恐らく一部世間で賞賛されるのは声の大きいイドリス・オークビーのスクイブ支援協会なのだろうが、実際に両世界の間で上手いこと折り合いを付けてやっているのはブラック家の支援団体なのだろう。根強い差別のある魔法界で居場所を訴えるよりも、軋轢のない非魔法界で平坦な人生を歩む方が遥かに楽だし、嫌な思いも最小限で済む。自分の行動が、魔法界の為に使われるという現実さえ受け入れる事が出来ればの話だが。
そのように逃げて、率先して差別撤廃の運動を起こさないから何時まで経ってもスクイブの立場は良くならないのだ、辺りが支援協会の言い分だろうか。その場合、はっきり言って知った事ではないとしか返しようがないだろう。設立者たるイドリス・オークビーは19世紀後半の生まれだ。それだけ長期間活動しても状況が改善しないのならば、アプローチや運動方法が間違っていると考えた方が妥当だ。
その思考が表情に出ていたのか、皺だらけの手に頭と頬を撫でられ、怖い顔をしてはいけないよと窘められる。灰色の瞳には穏やかな笑顔が浮かんでいた。

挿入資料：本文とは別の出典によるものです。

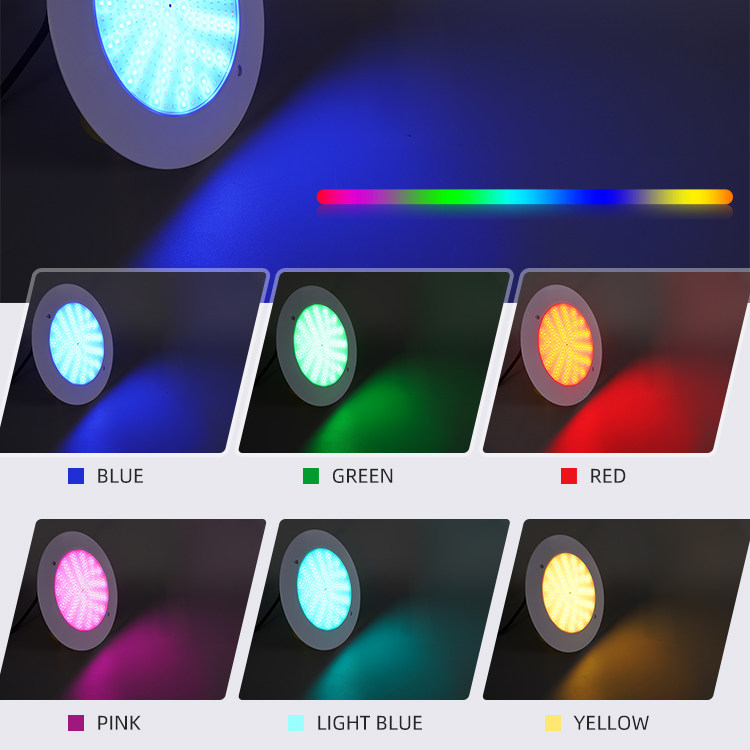 Swimming Pool Lights Swimming Pool Lights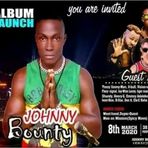 Profile Picture of Johnny Bounty (@Johnny-Bounty) on Facebook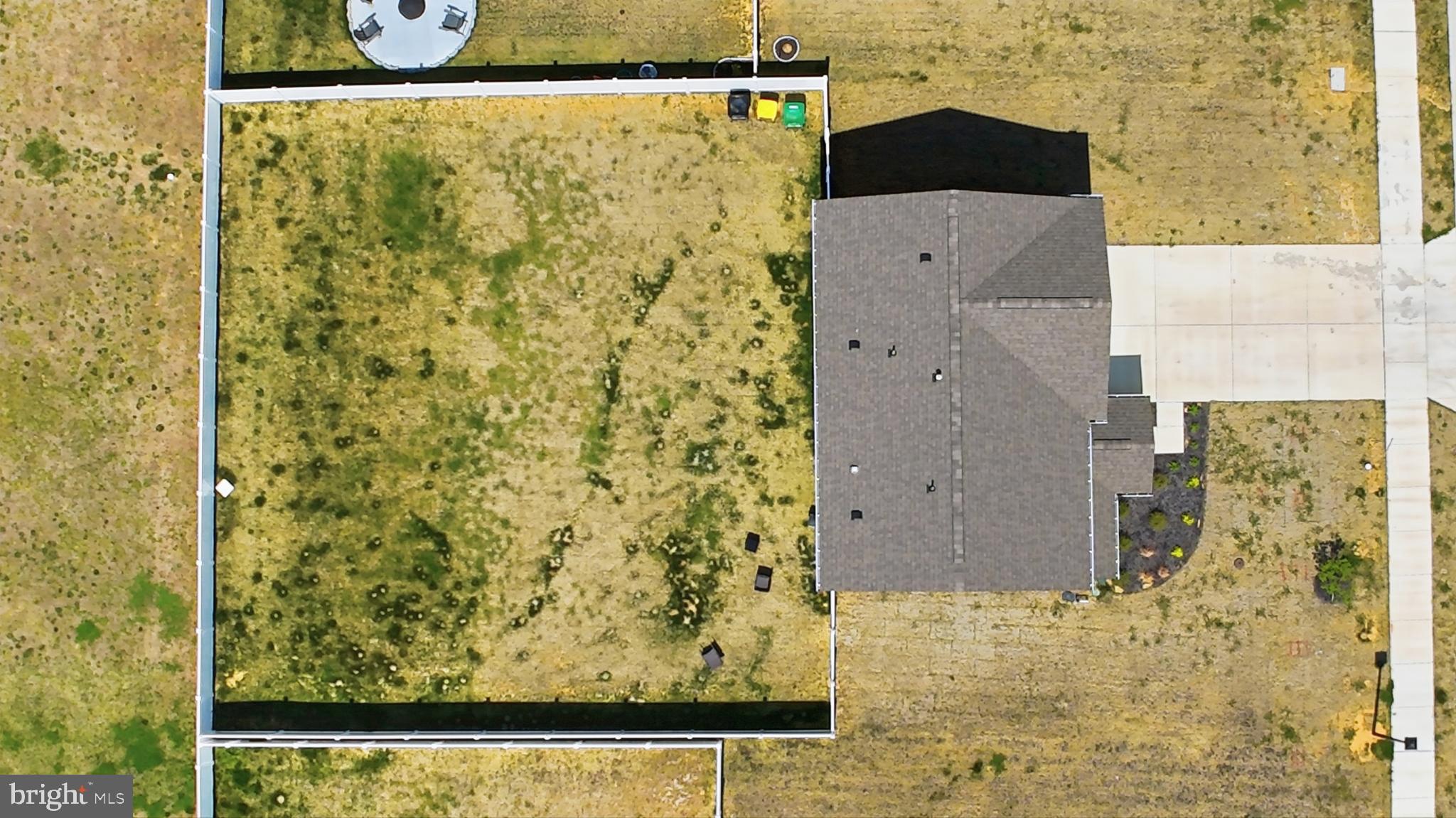 MAGNOLIA ESTATES - Residential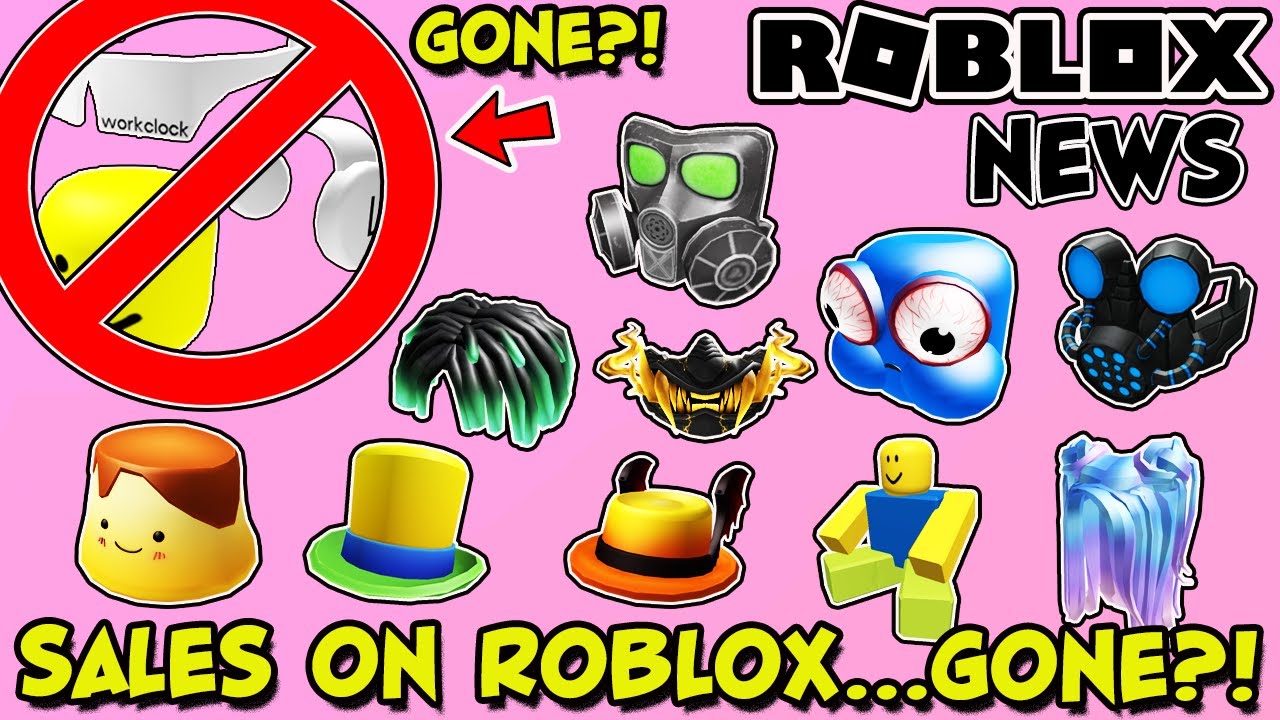 Roblox sale. Roblox News. Roblox Memorial Day sale 2022. Memory Roblox how to clean. Roblox sales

「種類は違えど、も数多くの支援者を見て来たから、この辺りを敢えて説明する必要はないようだね」
「そうです、ね」
その視線と手が首筋へ下り、肩、腕、そして左手首へと触れ言葉に詰まる。4ヶ月前、あれだけ派手に暴れたのだから追求される可能性はあったが、何故、今このタイミングで。

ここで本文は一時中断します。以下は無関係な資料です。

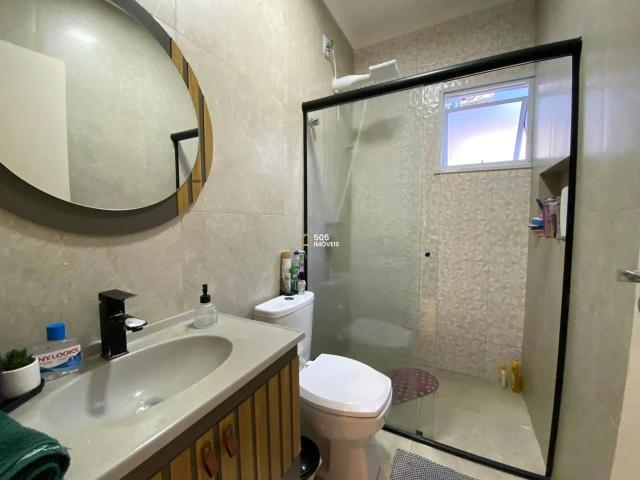 Casa / Sobrado em Condomínio para Venda em Valinhos/SP Jardim Monte Verde 3 Quartos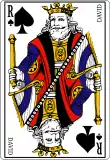King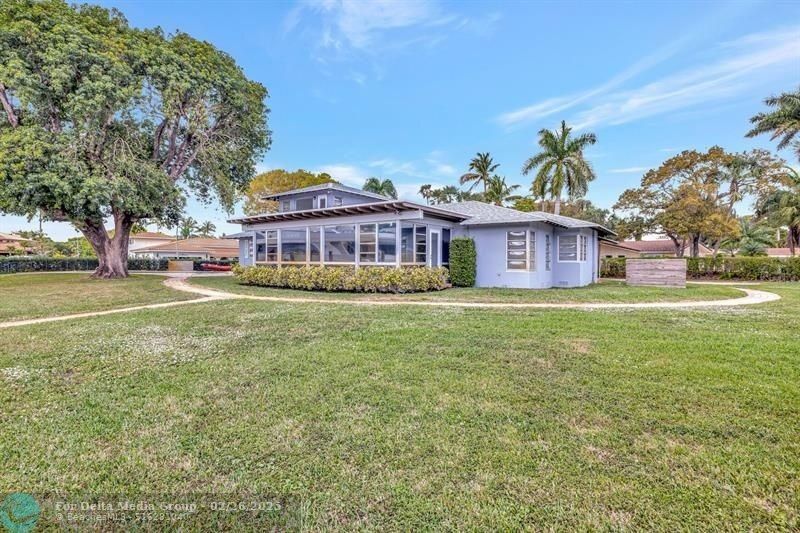 2390 SW 27th Te, Fort Lauderdale, FL 33312 Photo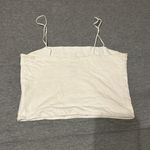 American Eagle AEO Rolling Stones Crop Top Size M Photo 1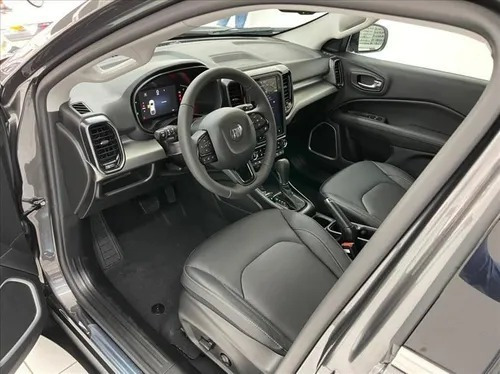 Imagen 2 de 15 de Fiat Toro 0km Entrega Pactada Con Efectivo O Auto Usado !-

「ところで君達の、最初の支援者である・と名乗っている存在について幾つか尋ねたい事があるのだが、勿論了承してくれるね?」
こうなる前に切り出した方がよかったのだろうか、否、それはそれでタイミングを間違えると大惨事になる予感しかない。今現在も、割と惨劇の幕開けのような気がするが次の手が全く思い付かず全身が緊張する。
普段は気にもならないブレスレットだけが、いやに冷たく感じた。